Ainsi Barthes écrit-il : « Chaque écrivain qui naît ouvre en lui le procès de la littérature ; mais s'il la condamne, il lui accorde toujours un sursis que la littérature emploie à le reconquérir ; il a beau créer un langage libre, on le lui renvoie fabriqué, car le luxe n'est jamais innocent : et c'est de ce langage rassis et clos par l'immense poussée de tous les hommes qui ne le parlent pas qu'il lui faut continuer d'user ».
La création littéraire serait donc le fruit d'un combat, celui de la liberté d'un homme, contre le corpus de l'ensemble des créations littéraires ayant avant lui utilisé le langage pour la production de textes, condamné par l'écrivain. L'instant de l'écriture est celui de la victoire de l'écrivain sur la littérature ; mais celui de la lecture est celle de la littérature sur l'écrivain : le « luxe » de cette liberté produit une complexité textuelle refusée par les autres acteurs de la scène littéraire, les lecteurs.
Pourtant, si les lecteurs ne parlent pas le langage libre, ils ne parlent pas non plus « ce langage rassis et clos », le « langage fabriqué ». Quel langage ont donc en commun l'écrivain et le lecteur ? Comment la compréhension d'une œuvre reste-t-elle possible ? Si celle-ci est vouée à l'échec, pourquoi donc « faut » -il utiliser le langage « rassis et clos » ? De quelle « poussée » cela découle-t-il ?

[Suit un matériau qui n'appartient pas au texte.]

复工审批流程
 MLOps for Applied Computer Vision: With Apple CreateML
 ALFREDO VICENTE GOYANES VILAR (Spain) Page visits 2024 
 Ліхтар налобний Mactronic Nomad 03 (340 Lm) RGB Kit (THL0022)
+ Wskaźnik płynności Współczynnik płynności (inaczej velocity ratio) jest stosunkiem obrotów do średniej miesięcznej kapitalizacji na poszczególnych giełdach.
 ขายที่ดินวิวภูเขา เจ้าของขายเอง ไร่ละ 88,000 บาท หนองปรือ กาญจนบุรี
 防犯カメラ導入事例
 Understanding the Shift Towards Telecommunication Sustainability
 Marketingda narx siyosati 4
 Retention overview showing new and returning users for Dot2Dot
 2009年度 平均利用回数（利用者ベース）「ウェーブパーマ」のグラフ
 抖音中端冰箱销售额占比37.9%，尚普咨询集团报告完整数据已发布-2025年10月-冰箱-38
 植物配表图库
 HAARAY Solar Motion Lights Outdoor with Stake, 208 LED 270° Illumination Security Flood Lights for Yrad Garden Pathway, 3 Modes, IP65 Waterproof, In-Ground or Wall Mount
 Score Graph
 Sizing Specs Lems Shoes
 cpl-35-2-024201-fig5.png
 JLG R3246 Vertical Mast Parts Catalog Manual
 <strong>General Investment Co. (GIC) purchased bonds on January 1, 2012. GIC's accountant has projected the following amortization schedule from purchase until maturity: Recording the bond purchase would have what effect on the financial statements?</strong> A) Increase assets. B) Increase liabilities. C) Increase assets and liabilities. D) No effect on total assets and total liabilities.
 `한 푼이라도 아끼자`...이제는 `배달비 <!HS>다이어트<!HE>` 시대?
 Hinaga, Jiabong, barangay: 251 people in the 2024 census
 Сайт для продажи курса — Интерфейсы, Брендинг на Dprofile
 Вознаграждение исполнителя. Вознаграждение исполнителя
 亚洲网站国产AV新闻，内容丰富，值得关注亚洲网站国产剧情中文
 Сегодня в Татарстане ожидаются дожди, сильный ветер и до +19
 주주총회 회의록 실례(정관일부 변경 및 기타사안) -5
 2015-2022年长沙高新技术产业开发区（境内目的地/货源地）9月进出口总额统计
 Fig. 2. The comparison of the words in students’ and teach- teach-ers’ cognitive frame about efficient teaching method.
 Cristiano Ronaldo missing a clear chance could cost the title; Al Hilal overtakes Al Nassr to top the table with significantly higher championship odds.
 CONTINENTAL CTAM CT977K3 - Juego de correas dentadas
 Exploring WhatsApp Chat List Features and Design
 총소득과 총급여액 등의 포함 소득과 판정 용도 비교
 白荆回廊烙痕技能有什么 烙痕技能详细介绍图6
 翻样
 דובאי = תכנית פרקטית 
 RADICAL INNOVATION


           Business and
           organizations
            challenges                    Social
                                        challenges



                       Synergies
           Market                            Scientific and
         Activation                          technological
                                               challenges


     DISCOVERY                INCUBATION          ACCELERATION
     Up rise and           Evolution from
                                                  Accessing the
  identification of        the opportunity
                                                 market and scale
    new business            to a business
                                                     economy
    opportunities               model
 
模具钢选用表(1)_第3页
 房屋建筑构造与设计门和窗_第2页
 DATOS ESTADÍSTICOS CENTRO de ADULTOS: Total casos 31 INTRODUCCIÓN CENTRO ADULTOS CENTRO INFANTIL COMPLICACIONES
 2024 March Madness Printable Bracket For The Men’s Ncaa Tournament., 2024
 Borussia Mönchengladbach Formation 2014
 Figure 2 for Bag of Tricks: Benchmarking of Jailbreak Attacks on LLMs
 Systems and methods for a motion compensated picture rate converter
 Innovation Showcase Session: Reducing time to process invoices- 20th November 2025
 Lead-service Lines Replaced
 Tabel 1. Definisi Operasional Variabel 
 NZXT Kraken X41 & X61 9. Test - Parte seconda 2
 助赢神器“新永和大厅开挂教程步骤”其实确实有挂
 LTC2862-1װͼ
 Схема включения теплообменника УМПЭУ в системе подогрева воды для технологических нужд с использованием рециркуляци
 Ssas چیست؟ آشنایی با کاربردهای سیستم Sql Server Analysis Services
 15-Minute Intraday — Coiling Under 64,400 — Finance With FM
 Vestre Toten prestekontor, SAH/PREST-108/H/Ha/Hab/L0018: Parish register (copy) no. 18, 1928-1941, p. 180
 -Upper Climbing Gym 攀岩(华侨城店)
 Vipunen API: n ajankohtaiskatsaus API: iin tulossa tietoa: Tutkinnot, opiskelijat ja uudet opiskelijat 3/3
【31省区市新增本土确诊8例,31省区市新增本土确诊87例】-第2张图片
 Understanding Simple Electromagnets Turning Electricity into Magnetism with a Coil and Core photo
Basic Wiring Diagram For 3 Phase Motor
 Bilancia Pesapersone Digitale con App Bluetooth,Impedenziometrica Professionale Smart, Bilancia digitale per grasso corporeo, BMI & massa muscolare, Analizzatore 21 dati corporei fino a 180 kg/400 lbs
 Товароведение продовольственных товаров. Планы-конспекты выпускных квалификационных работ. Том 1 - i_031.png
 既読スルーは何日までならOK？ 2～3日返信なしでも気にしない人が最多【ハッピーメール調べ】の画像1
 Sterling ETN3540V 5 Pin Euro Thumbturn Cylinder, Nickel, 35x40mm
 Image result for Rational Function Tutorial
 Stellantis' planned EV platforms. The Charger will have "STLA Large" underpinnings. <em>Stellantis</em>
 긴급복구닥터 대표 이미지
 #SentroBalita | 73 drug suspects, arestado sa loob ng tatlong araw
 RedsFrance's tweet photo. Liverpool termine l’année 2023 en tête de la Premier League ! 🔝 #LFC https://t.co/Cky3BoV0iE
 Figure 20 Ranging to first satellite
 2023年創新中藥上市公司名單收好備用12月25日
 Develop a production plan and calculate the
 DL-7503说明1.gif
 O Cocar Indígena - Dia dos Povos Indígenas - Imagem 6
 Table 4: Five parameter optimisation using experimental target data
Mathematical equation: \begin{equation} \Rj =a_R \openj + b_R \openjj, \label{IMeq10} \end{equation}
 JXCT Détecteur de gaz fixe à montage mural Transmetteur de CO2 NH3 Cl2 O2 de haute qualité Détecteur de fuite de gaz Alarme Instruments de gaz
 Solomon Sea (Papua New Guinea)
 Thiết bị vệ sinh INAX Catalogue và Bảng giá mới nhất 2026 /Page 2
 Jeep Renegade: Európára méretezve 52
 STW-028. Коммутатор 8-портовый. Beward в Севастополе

[...] L'écrivain crée un nouveau code, langage libre, mais la clé pour le décoder est incluse dans le texte. Le lecteur lit donc le texte sans la clé, avec pour seul outil sa connaissance du code fabriqué par les prédécesseurs, qu'il applique au nouveau texte. Or, les combinaisons infinies de la syntaxe et l'inconscience de l'opération de décodage chez le lecteur peuvent ne rendre absolument pas manifeste l'écart linguistique opéré par le recodage ; ainsi, le nouveau message peut parfois être lu également par la superposition d'un code ancien. [...]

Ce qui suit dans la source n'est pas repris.